To that end, the Child Mind Institute is developing an electronic medical record system that will collect relevant anonymous data in a format that can be used by research scientists if patients and families consent. This EMR strategy has been effective at increasing databases and driving discovery in other fields, from rheumatology to medical genetics to multiple sclerosis, and Dr. Milham hopes the CMI project will inspire mental health clinicians across the globe to join in.
“In an ideal world you’d link together a bunch of EMRs across different sites and you can go and do these large-scale data-mining analyses,” he says. “This is a very economic way, frankly, of generating the data we need to come up with initial ideas or guesses that we can follow with clinical trials.”
Behind the Data
But what are the goals? What can the interdisciplinary study of massive amounts of imaging, genetic, and behavioral data tell us about the brain in general and young people who struggle with emotional, behavioral, and communication deficits in particular?
We can begin by improving our current understanding of mental illness, which is based on diagnoses that are essentially groupings of symptoms.
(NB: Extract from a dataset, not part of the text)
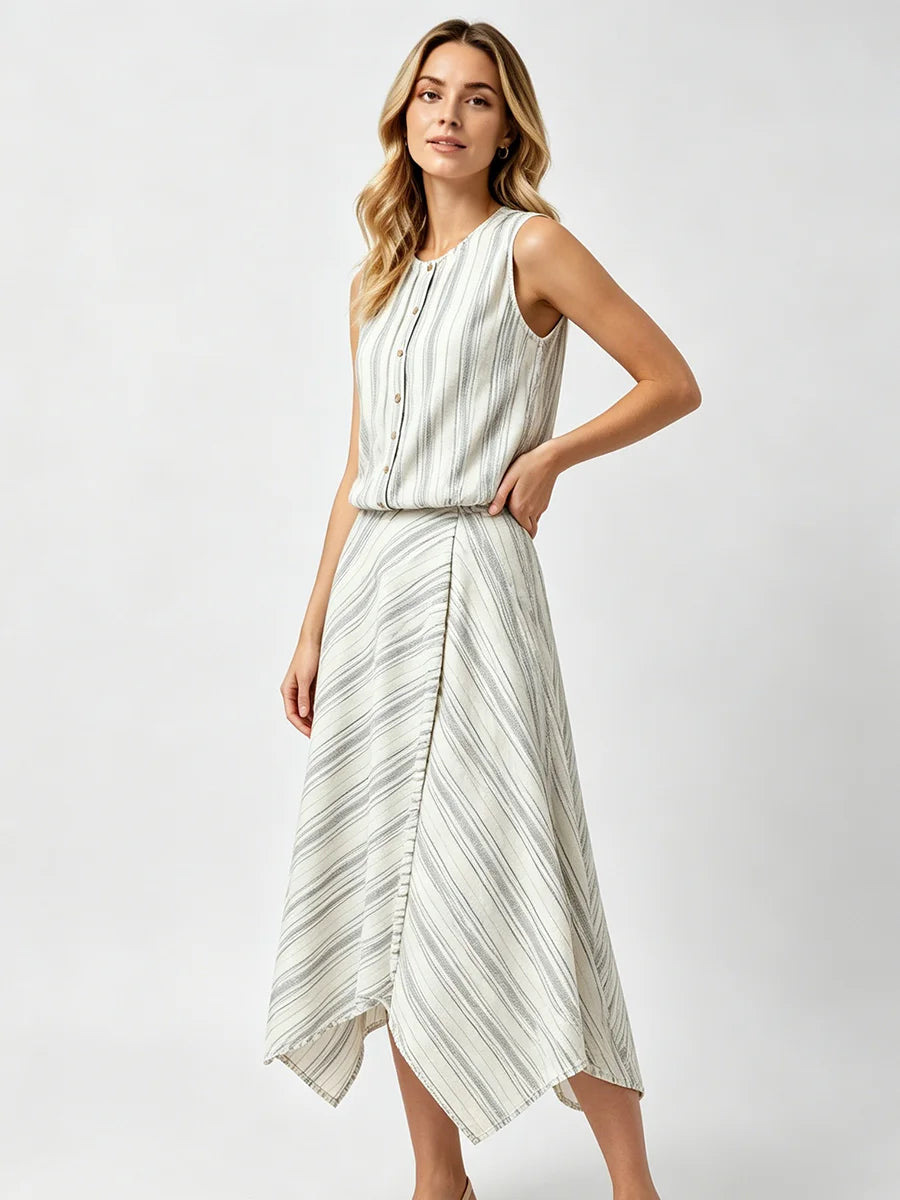 Jacinda Striped Button Top & Midi Skirt Set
Dr. Craddock offers an example of
the frustration with the current diagnostic system: “Take depression, for example. In order to be diagnosed
as clinically depressed you need to have five of nine symptoms. So what it means is, you can have two people who both have a diagnosis of depression but they only have one overlapping symptom.
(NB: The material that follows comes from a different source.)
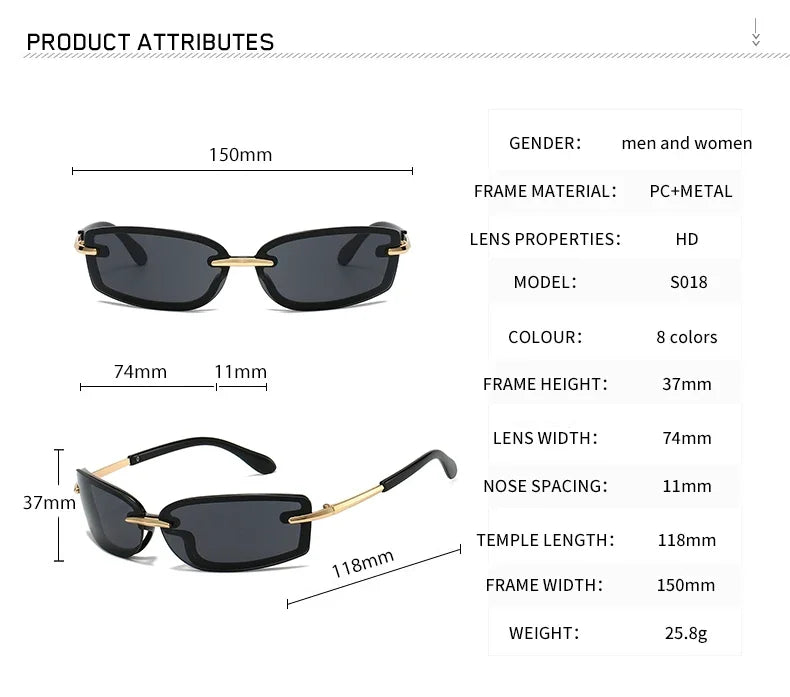 Rimless Y2K Style Sunglasses Rectangle Fashion Popular Women Men Shades Square Sun Glasses for Female Male Oculos Metal Frame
Those people are very different.”
By looking closer at these cases, by gathering more detailed and more reliable data about all domains—behavior, biology, imaging, cognition—we may be able to divide current diagnoses into smaller, more homogenous groups that are more clinically helpful.
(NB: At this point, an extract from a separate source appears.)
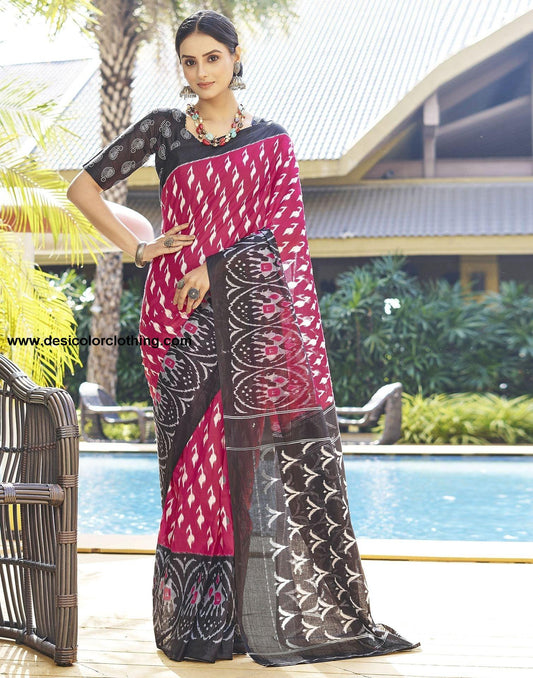 Pink Printed Cotton Pre-Draped Saree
Subdividing diagnoses is useful, Dr. Craddock says, because one group may benefit from a particular treatment while another group benefits more from a different treatment.
This is incredibly important, he says, because even if you have an accurate diagnosis, whether or not a child will respond to a particular medication or therapeutic intervention recommended for his disorder can be difficult to predict. “If we could come up with a biological signature that could better identify a subpopulation of a disorder, or could better prescribe the appropriate treatment, or could predict the outcome of different medications,” Dr. Craddock says, the impact could be real and transformative for young people.
He and Dr. Milham have already made strides in this direction, including the ADHD 200 competition, a project in which interdisciplinary researchers were able to in some cases correctly identify not only ADHD diagnoses but also ADHD subtypes using only MRI data. The competition was part of a larger effort to share data and draw interest from a wide range of researchers, under the larger umbrella of the Open Neuroscience Initiatives sponsored by the Child Mind Institute’s Healthy Brain Network. Other initiatives include the Autism Brain Image Data Exchange.
To get to wide clinical applicability, however, we need more data, more bright researchers, more sharing, and the willingness to engage these difficult problems. Dr. Craddock concludes: “Our goal is to be able to map the trajectory of a normal developing child so that we can identify earlier in their life when they deviate.”